# Required work:
Go to the line that contains "エスカレータ脇にお手伝いが必要な利用者向けの「JALスマイルサポート」". Restate that line and each one after it exactly, through the end of the records, without pictures.

** Recorded information follows **

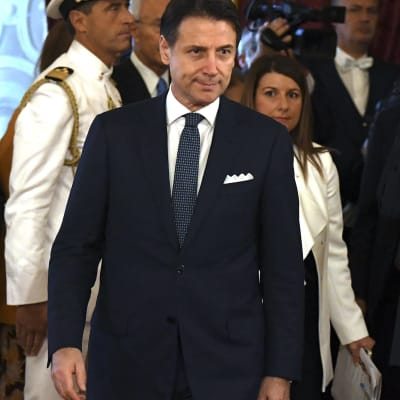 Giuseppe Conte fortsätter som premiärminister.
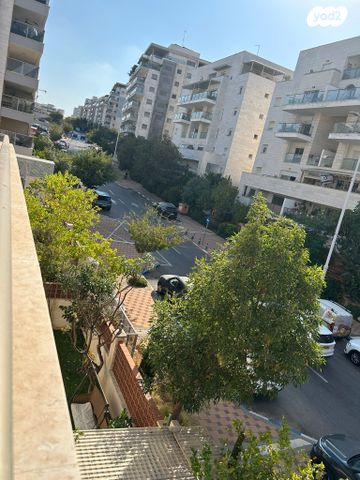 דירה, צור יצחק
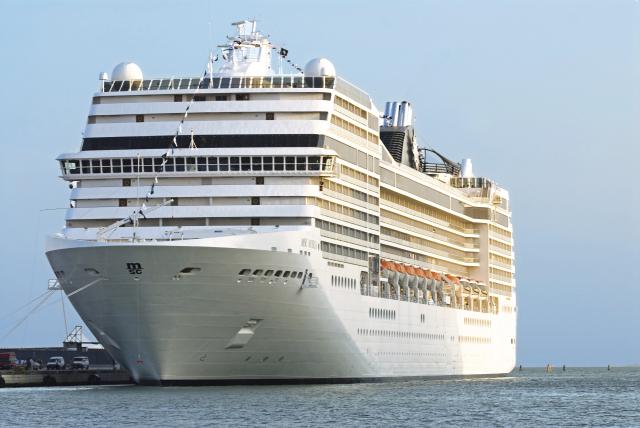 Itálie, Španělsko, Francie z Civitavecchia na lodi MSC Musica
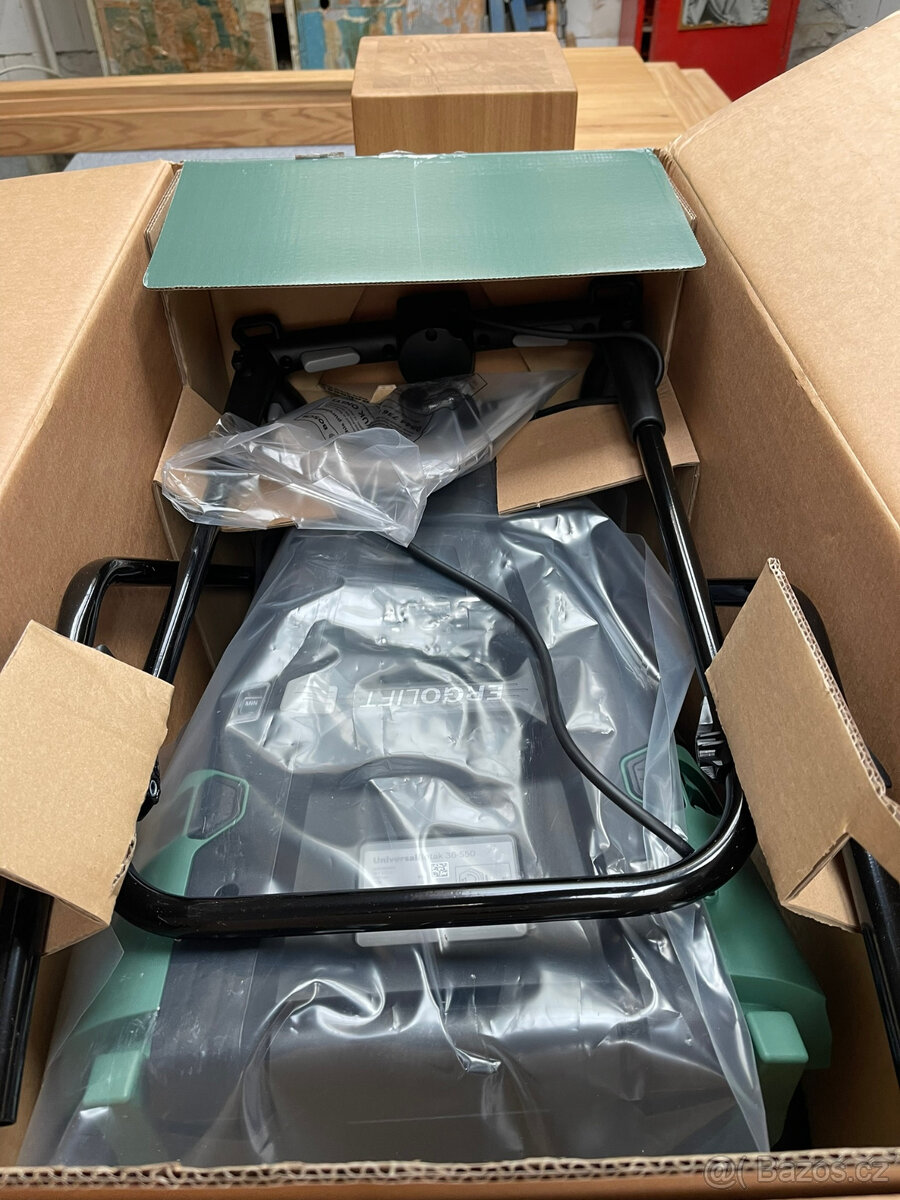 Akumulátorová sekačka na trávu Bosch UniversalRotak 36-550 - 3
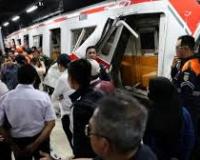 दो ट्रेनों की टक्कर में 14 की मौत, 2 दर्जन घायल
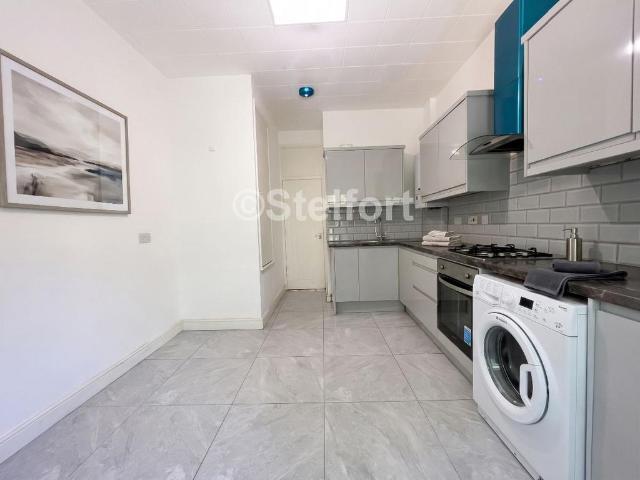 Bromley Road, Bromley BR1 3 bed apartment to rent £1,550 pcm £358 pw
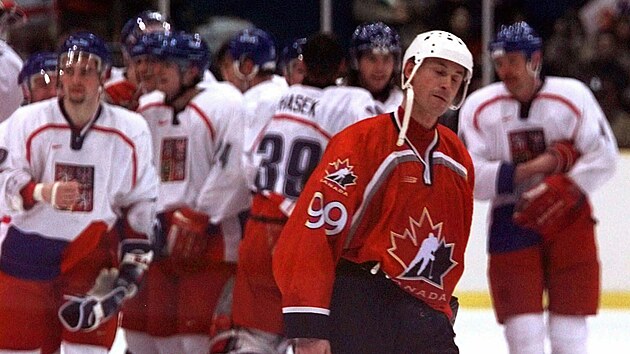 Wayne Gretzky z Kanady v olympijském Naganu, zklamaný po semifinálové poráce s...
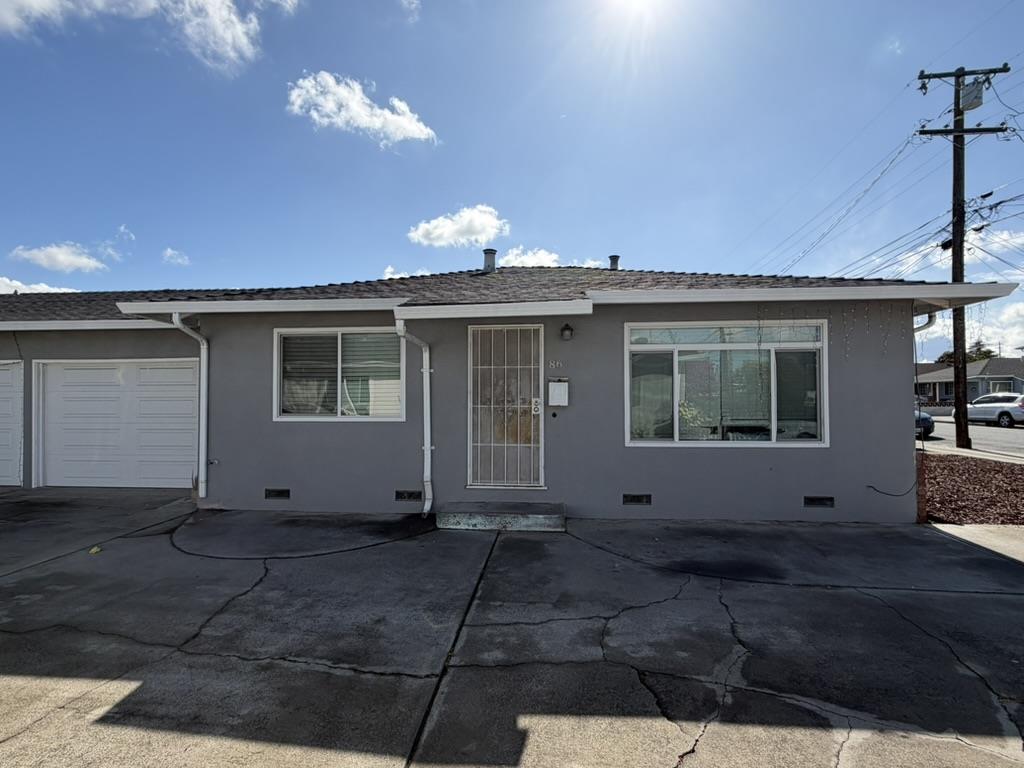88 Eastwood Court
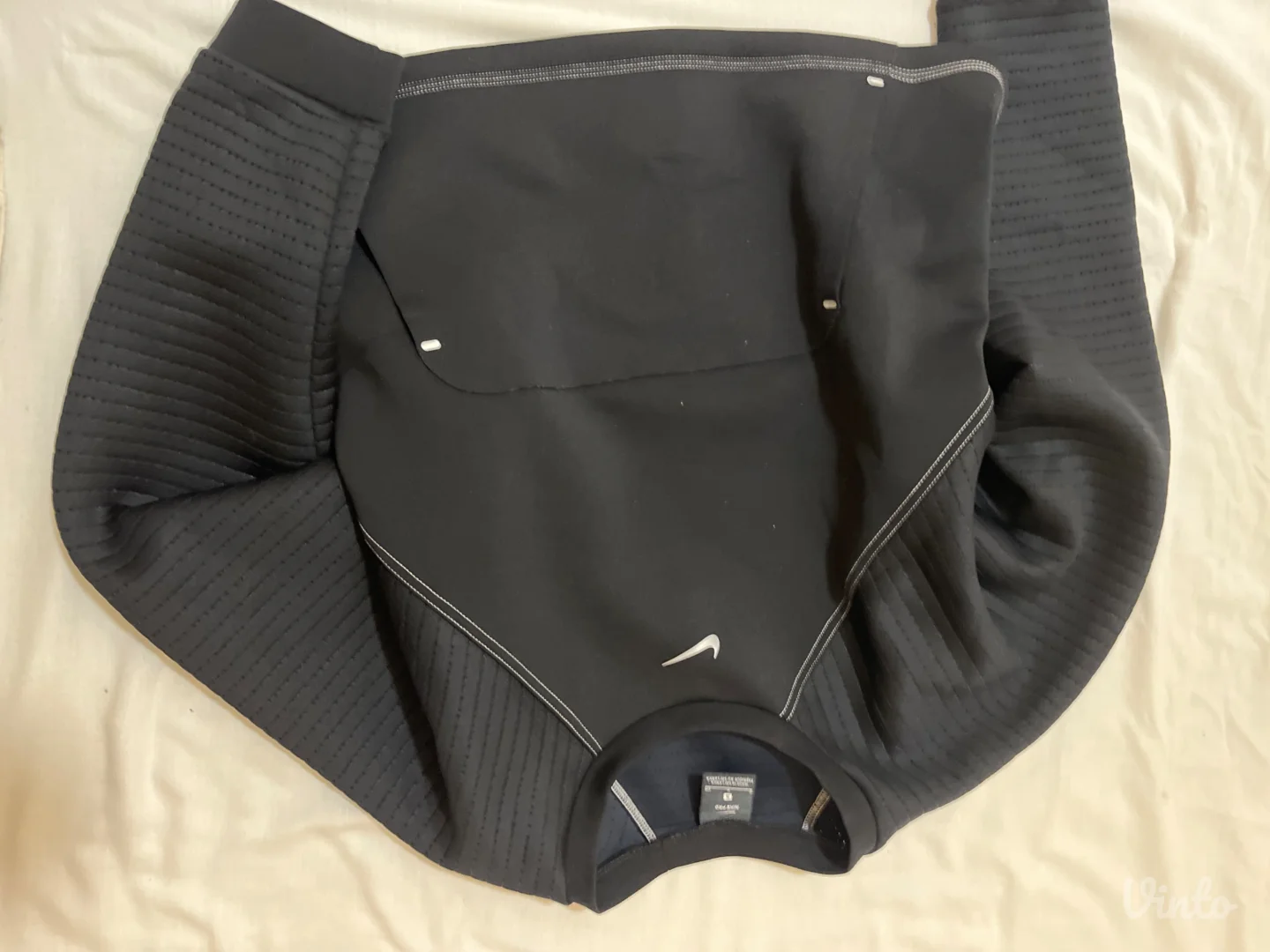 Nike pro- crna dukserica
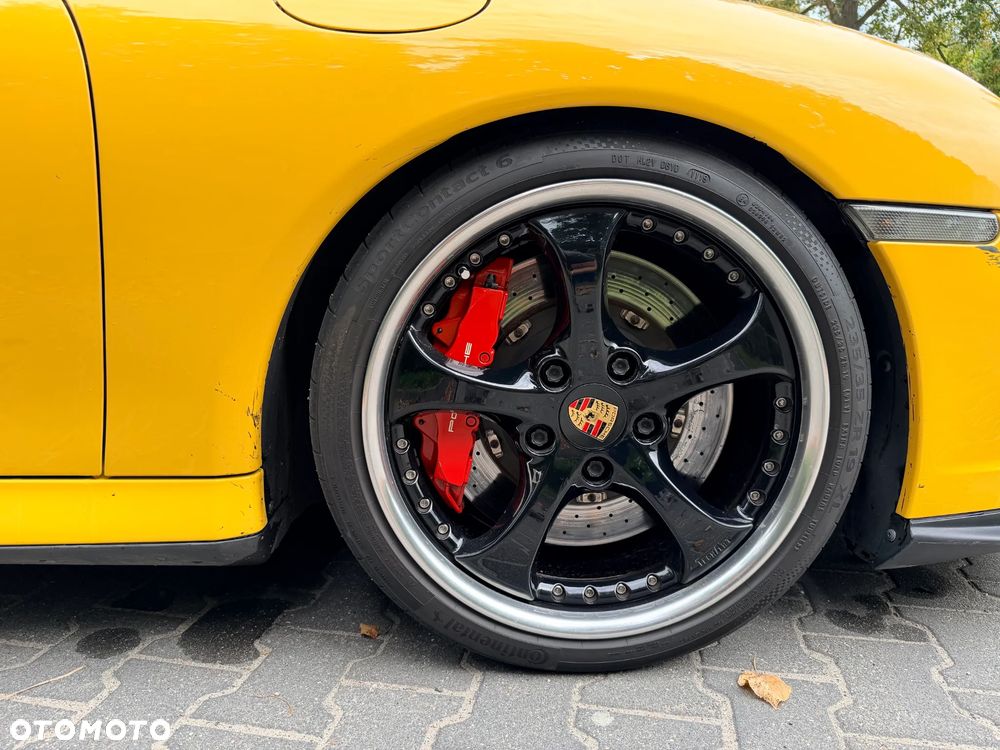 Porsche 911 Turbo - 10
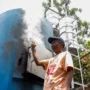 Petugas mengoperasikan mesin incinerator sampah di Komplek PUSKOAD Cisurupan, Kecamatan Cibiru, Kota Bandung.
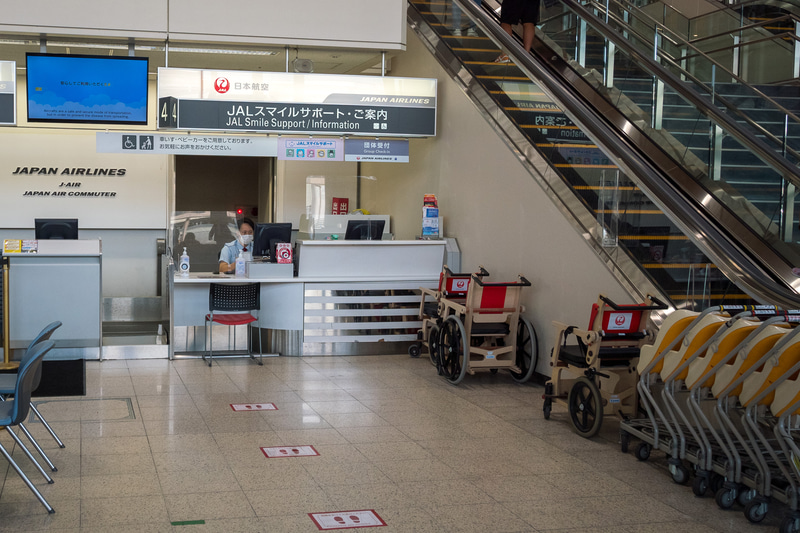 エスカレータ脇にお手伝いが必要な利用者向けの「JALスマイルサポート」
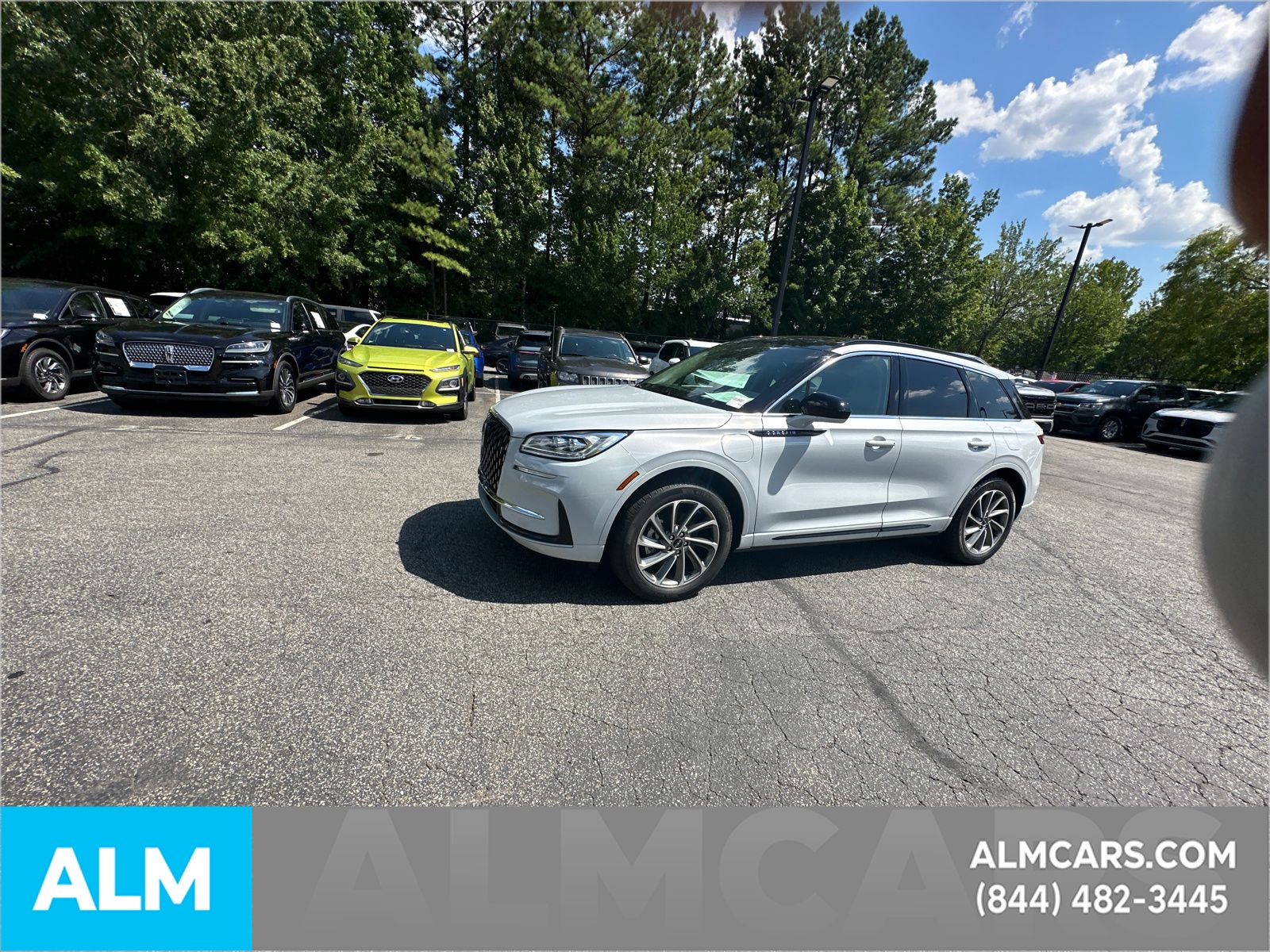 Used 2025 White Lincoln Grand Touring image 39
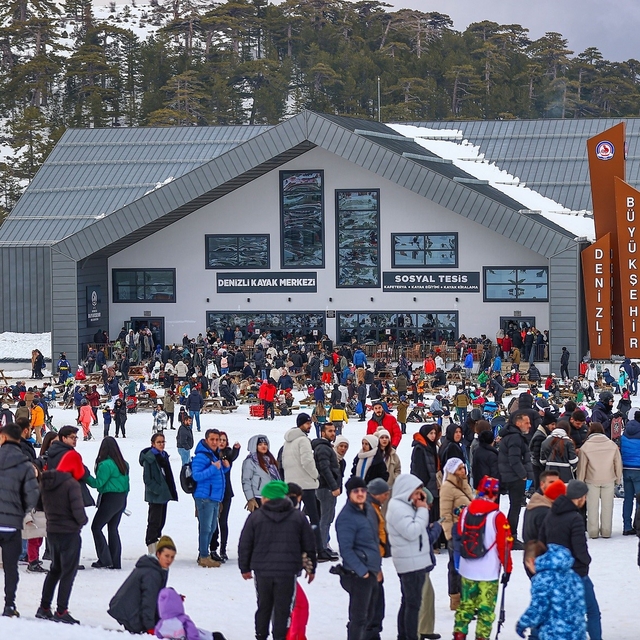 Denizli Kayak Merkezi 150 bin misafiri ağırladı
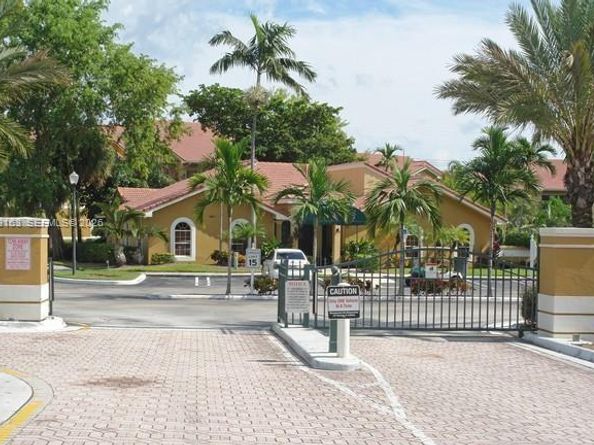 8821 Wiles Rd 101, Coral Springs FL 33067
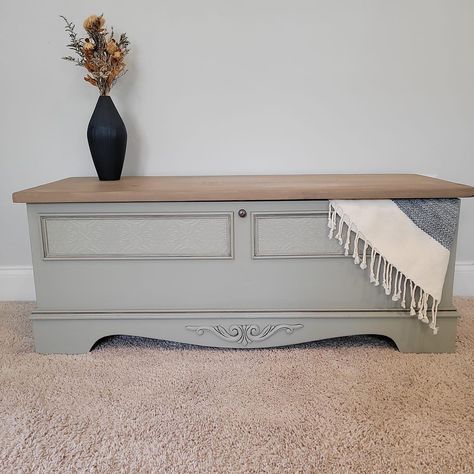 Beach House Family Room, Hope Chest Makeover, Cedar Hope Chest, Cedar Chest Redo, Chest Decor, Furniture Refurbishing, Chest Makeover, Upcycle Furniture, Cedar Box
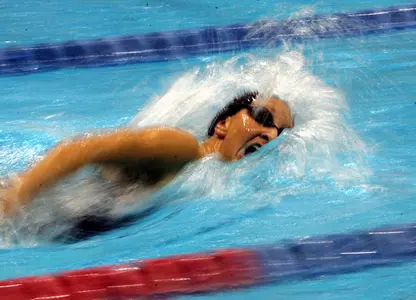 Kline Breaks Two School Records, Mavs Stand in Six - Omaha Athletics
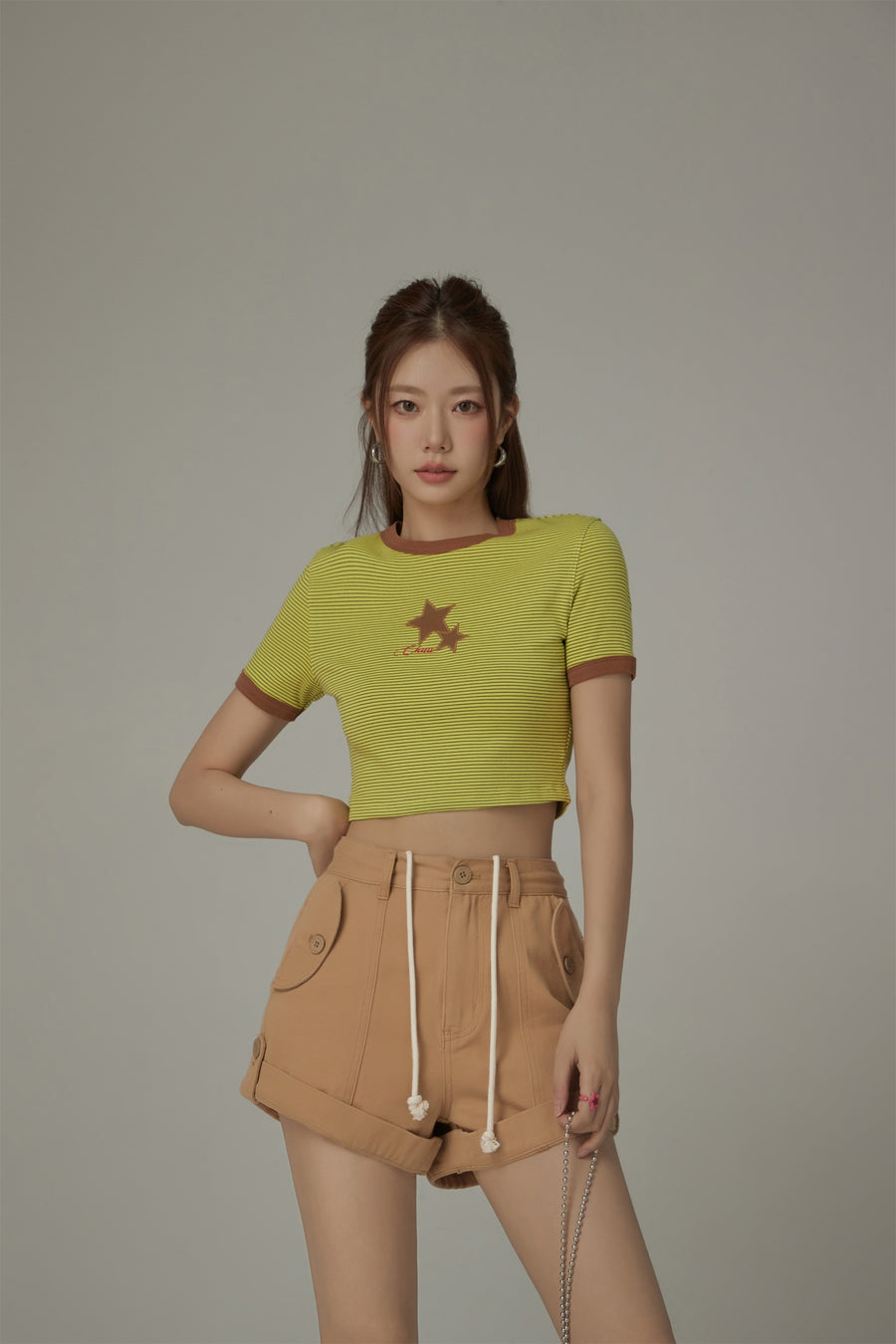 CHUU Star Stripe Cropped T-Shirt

** End of Recorded information **

# Exercise output:
 エスカレータ脇にお手伝いが必要な利用者向けの「JALスマイルサポート」
 Used 2025 White Lincoln Grand Touring image 39
 Denizli Kayak Merkezi 150 bin misafiri ağırladı
 8821 Wiles Rd 101, Coral Springs FL 33067
 Beach House Family Room, Hope Chest Makeover, Cedar Hope Chest, Cedar Chest Redo, Chest Decor, Furniture Refurbishing, Chest Makeover, Upcycle Furniture, Cedar Box
 Kline Breaks Two School Records, Mavs Stand in Six - Omaha Athletics
 CHUU Star Stripe Cropped T-Shirt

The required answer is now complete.